Dana reporting on the slaves' attitude toward Rufus as slavemaster: "Strangely, they seemed to like him, hold him in contempt, and fear him all at the same time."
— Kindred, page 229.

Kindred explores how a modern black woman would deal with a slave society, where most black people were considered property; it was a world where "all of society was arrayed against you".
During an interview, Butler said that, while she read slave narratives for background, she believed that if she wanted people to read her book, she would have to present a less violent version of slavery than found in these accounts.

Scholars of Kindred consider the novel an accurate, fictional account of many slave lives. Concluding that "there probably is no more vivid depiction of life on an Eastern Shore plantation than that found in Kindred", Sandra Y. Govan traces how Butler's book follows the classic patterns of the slave narrative genre: loss of innocence, harsh punishment, strategies of resistance, life in the slave quarters, struggle for education, experience of sexual abuse, realization of white religious hypocrisy, and attempts to escape, with ultimate success.

Robert Crossley notes that Butler's intense first-person narration deliberately echoes many slave narratives, thereby giving the story "a degree of authenticity and seriousness". Lisa Yaszek sees Dana's visceral first-hand account as a deliberate criticism of earlier depictions of slavery, such as the book and film Gone with the Wind, produced largely by whites, and even the television miniseries Roots, based on a book by African-American writer Alex Haley.

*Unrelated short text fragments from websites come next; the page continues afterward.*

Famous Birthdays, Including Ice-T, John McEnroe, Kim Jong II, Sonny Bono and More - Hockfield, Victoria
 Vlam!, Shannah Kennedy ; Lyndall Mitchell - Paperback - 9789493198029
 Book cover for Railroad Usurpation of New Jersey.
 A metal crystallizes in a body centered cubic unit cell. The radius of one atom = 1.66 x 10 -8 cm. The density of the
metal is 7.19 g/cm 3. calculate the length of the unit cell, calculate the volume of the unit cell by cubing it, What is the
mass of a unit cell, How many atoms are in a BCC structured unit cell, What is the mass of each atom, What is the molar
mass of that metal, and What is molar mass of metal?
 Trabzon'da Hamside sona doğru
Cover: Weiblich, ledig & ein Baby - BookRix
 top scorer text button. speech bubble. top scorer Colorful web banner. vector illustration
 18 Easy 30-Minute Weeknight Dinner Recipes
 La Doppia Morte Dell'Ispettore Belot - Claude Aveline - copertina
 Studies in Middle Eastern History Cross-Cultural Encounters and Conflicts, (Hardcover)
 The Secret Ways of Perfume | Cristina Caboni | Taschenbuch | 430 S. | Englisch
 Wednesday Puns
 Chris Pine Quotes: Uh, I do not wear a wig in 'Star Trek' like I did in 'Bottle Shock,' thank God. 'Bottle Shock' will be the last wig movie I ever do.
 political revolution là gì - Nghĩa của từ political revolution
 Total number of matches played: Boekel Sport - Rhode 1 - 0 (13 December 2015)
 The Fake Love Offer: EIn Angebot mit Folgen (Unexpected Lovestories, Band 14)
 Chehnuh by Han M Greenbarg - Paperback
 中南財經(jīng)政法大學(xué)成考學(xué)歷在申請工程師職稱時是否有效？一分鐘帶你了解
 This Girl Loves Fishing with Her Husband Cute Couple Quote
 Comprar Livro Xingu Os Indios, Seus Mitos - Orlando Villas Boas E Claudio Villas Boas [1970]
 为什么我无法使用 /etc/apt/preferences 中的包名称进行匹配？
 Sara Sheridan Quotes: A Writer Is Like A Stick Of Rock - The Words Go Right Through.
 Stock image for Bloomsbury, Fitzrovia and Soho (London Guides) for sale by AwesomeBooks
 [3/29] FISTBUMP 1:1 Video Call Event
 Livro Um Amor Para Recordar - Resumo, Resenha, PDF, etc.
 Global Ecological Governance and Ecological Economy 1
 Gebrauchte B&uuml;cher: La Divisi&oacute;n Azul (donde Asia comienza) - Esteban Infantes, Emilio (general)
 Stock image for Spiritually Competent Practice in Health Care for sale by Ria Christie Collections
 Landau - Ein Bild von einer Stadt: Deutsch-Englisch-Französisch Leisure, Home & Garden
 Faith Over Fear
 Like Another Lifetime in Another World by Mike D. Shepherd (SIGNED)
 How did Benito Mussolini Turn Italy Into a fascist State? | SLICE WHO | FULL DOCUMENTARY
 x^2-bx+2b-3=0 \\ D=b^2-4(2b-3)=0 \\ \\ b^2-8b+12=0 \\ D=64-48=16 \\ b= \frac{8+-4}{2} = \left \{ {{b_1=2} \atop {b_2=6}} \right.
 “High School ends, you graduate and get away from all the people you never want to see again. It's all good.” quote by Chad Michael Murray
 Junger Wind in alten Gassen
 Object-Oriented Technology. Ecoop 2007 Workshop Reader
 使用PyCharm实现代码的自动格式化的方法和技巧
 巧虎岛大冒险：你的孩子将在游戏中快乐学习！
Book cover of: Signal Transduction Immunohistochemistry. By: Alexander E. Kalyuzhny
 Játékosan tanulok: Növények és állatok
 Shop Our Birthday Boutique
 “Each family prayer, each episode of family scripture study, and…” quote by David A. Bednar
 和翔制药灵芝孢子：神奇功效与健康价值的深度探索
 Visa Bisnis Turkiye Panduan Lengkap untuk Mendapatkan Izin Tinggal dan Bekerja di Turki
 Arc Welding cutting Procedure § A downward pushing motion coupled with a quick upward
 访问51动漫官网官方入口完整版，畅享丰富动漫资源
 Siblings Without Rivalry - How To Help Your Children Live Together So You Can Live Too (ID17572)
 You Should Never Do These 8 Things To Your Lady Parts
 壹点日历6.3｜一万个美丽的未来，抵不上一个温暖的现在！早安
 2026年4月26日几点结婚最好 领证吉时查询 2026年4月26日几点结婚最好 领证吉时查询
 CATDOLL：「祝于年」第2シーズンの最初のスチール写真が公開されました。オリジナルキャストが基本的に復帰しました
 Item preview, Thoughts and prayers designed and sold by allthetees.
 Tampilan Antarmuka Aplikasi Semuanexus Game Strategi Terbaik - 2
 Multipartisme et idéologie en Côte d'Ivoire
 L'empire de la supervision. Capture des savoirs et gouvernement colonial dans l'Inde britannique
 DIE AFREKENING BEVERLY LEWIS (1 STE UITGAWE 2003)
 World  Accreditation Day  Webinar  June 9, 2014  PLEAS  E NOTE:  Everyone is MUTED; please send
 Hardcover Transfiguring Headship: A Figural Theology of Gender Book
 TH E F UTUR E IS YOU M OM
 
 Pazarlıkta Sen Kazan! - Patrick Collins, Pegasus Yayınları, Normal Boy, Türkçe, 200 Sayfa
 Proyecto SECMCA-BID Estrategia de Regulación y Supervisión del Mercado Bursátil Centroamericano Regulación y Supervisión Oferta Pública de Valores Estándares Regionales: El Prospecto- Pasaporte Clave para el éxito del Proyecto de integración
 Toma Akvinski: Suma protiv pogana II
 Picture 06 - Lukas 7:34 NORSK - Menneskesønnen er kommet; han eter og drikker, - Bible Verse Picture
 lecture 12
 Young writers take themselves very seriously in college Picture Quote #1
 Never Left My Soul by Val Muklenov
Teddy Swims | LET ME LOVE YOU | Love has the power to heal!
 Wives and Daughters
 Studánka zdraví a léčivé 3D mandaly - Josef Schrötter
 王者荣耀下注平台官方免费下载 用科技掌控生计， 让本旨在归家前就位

In Kindred, Butler portrays individual slaves as distinctive persons, giving each his or her own story. Robert Crossley says that Butler treats the blackness of her characters as "a matter of course", to resist the tendency of white writers to incorporate African Americans into their narratives just to illustrate a problem or to divorce themselves from charges of racism. Thus, in Kindred the slave community is depicted as a "rich human society": the proud yet victimized freewoman Alice; Sam the field slave, who hopes Dana will teach his brother to read and write; Liza, who frustrates Dana's escape; the bright and resourceful Nigel, Rufus's childhood friend who learns to read from a stolen primer; and, most importantly, Sarah the cook, who Butler develops as a deeply angry yet caring woman subdued only by the threat of losing her last child, the mute Carrie.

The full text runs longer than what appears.